**What is required**. Reproduce the data below in full and exclude every picture.
--
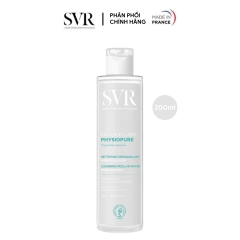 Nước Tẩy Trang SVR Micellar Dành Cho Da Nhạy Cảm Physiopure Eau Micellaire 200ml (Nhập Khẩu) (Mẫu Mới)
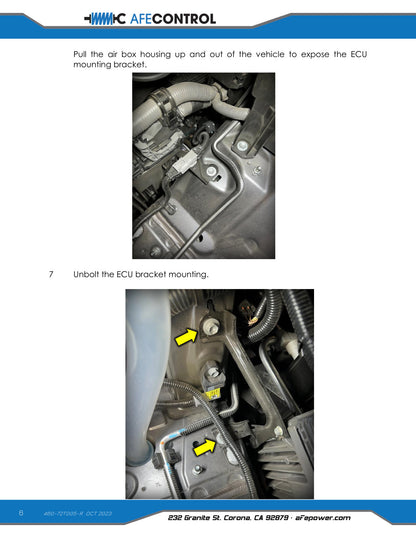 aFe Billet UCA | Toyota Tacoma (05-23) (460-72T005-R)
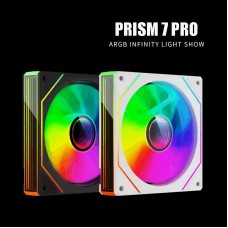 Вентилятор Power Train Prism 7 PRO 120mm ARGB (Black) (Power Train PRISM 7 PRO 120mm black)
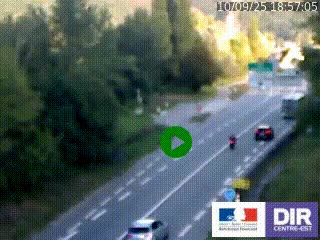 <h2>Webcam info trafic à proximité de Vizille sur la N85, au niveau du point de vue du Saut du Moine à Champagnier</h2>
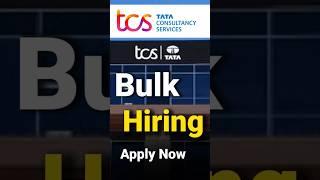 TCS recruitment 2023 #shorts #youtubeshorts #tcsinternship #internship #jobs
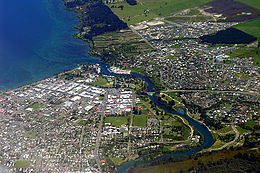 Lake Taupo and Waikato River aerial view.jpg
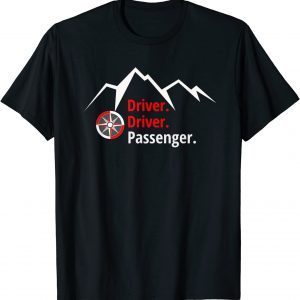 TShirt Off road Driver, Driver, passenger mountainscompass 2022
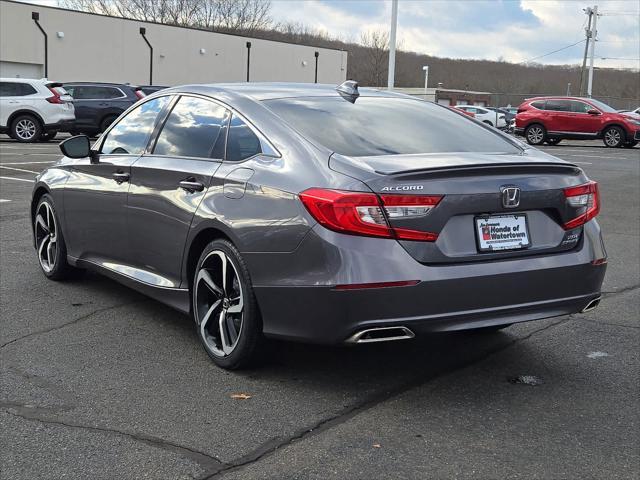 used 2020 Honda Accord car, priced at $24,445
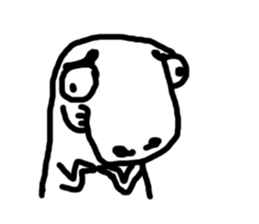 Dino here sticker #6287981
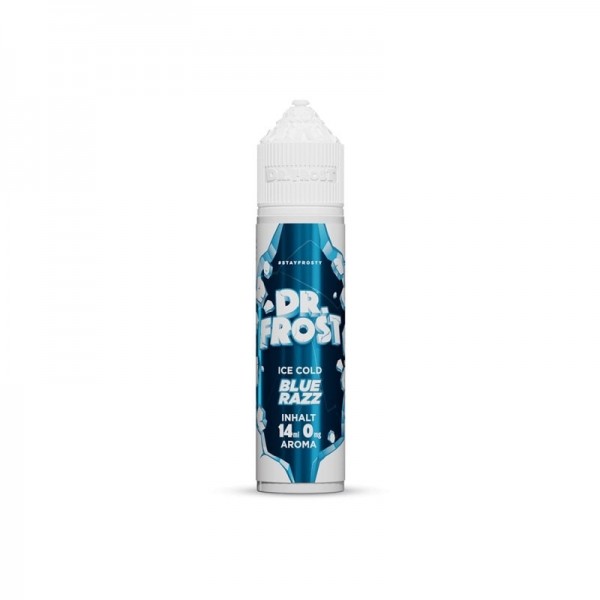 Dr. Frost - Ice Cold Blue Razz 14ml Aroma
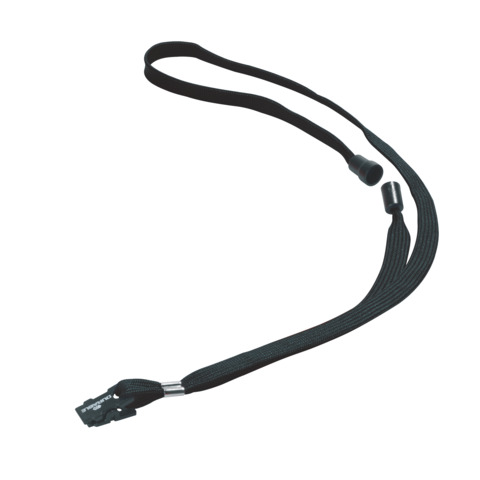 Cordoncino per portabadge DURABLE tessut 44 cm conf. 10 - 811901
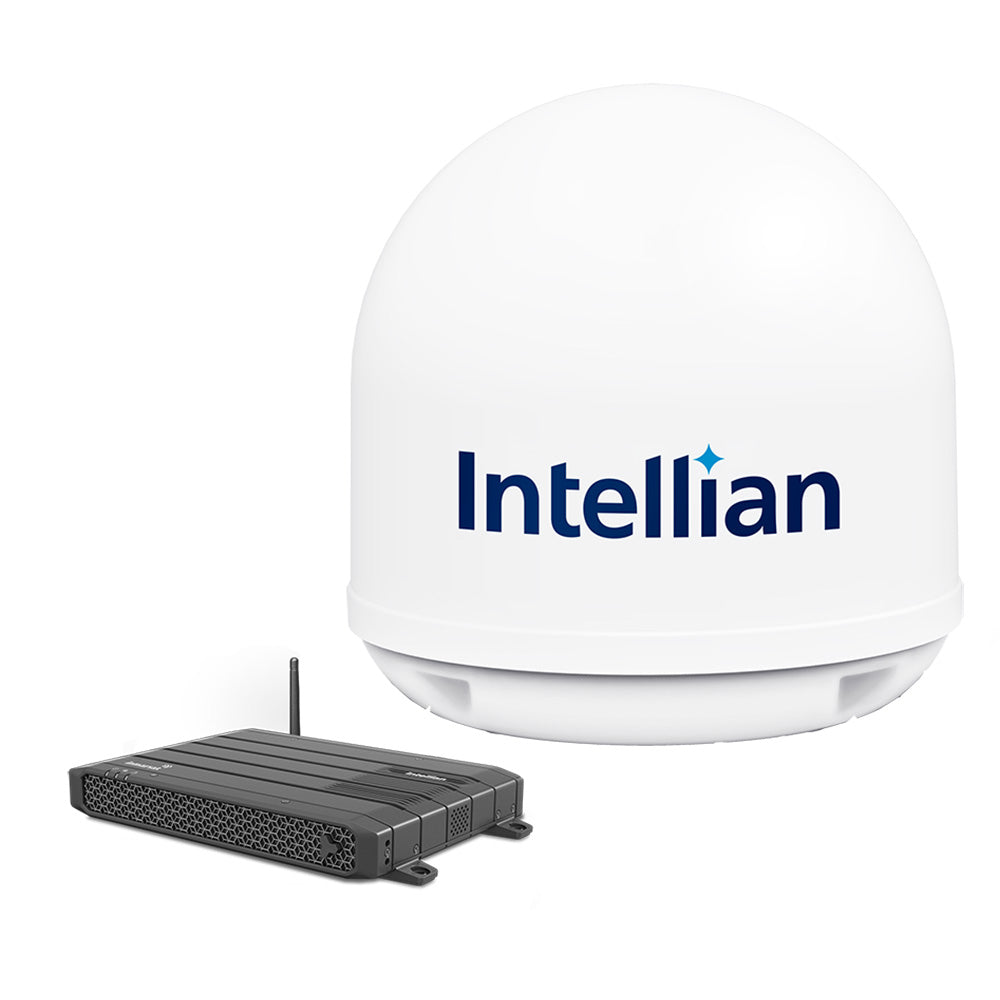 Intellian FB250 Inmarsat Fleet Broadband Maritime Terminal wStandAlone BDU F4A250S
--
**Answer for this exercise**.
 Nước Tẩy Trang SVR Micellar Dành Cho Da Nhạy Cảm Physiopure Eau Micellaire 200ml (Nhập Khẩu) (Mẫu Mới)
 aFe Billet UCA | Toyota Tacoma (05-23) (460-72T005-R)
 Вентилятор Power Train Prism 7 PRO 120mm ARGB (Black) (Power Train PRISM 7 PRO 120mm black)
 <h2>Webcam info trafic à proximité de Vizille sur la N85, au niveau du point de vue du Saut du Moine à Champagnier</h2>
 TCS recruitment 2023 #shorts #youtubeshorts #tcsinternship #internship #jobs
 Lake Taupo and Waikato River aerial view.jpg
 TShirt Off road Driver, Driver, passenger mountainscompass 2022
 used 2020 Honda Accord car, priced at $24,445
 Dino here sticker #6287981
 Dr. Frost - Ice Cold Blue Razz 14ml Aroma
 Cordoncino per portabadge DURABLE tessut 44 cm conf. 10 - 811901
 Intellian FB250 Inmarsat Fleet Broadband Maritime Terminal wStandAlone BDU F4A250S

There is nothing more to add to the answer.